Dr Bilal Al-Khaffaf
There are two areas of treatment; curative and palliative treatment. Curative treatment aims to remove all traces of cancer; however, this is only suitable for about 1 in 3 patients with upper GI cancer. Most patients are diagnosed with metastatic disease (cancer spread) and the only (palliative) treatments available aim to slow the growth of the cancer or relieve symptoms.
The main curative treatment is surgery. Our team often perform this surgery using keyhole (laparoscopic) techniques which results in less pain and a quicker short-term. The location of the cancer will determine what operation is required. Oesophageal (food-pipe or gullet) cancer will usually require surgery to remove most of the oesophagus and half of the stomach. If the cancer is in the stomach, then either all or part of the stomach must be removed. We always talk to the patient in detail about this. Surgery of this kind is ‘life-altering’ and has short and long-term effects on nutrition and quality of life which can take up to a year to fully recover from.

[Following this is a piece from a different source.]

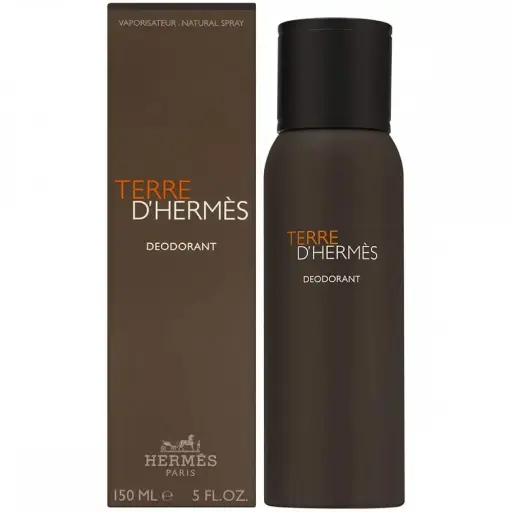 [3346130009764] TERRE D HERMES MEN DEO 150ML
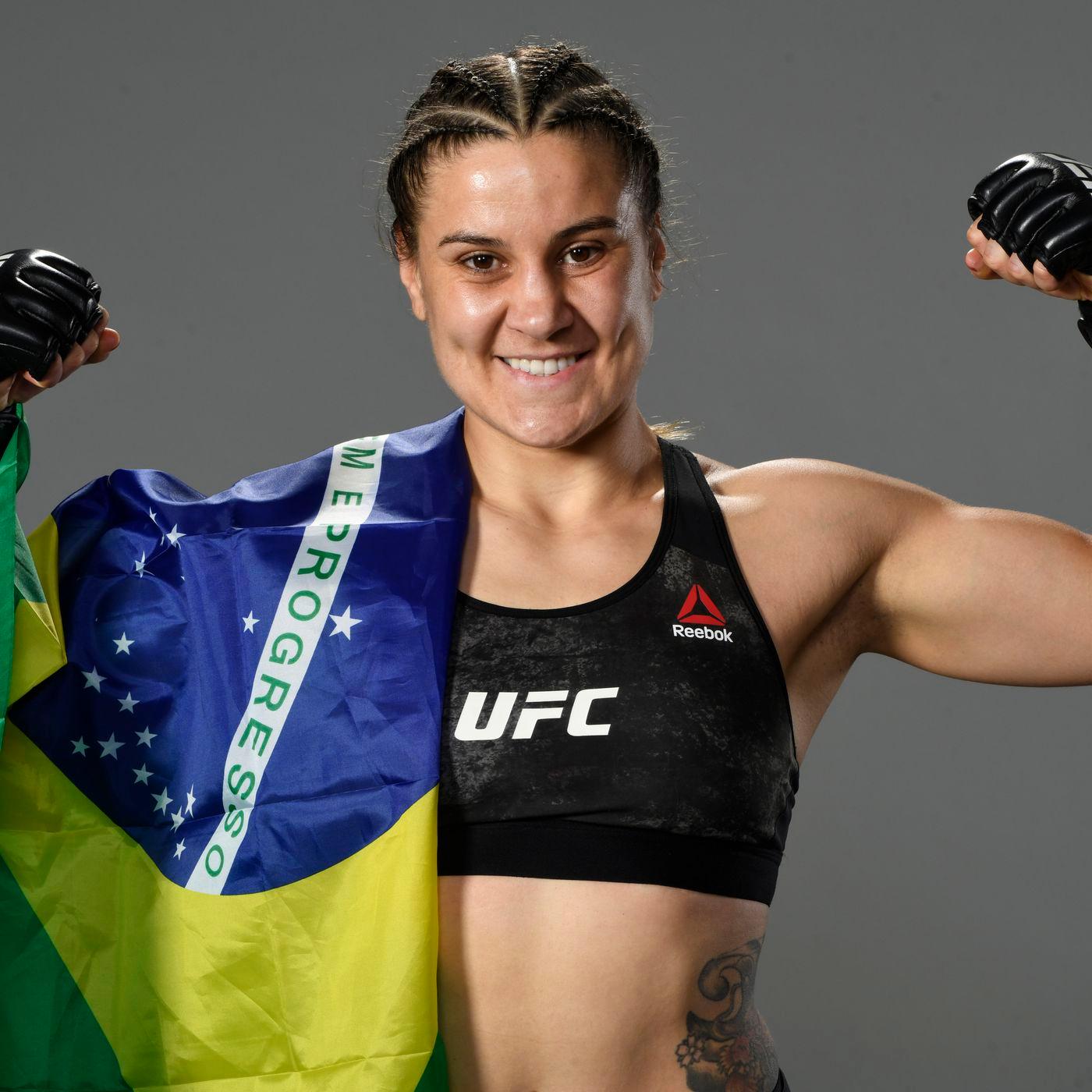 Jennifer Maia profile photo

The success of surgery in removing cancer is improved by adding other treatments such as chemotherapy and radiotherapy. Patients are always discussed in a meeting with other specialists to see whether this is appropriate for them. We are proud to be able to offer this specialised multi-disciplinary team service at the BMI Alexandra Hospital.
Treatment for metastatic cancer aims to slow down the progression of cancer and prolong the life of the patient. This usually involves chemotherapy. There is a lot of interest in this area of upper GI cancer, and patients are often asked to take part in new treatment research.
Symptoms such as difficulty swallowing are often treated with a ‘stent’. A stent is a short, lightweight tube which opens the GI tract where it has narrowed because of the cancer. It allows food and drink to pass the by the cancer, helping to improve some of the symptoms of difficulty swallowing or vomiting.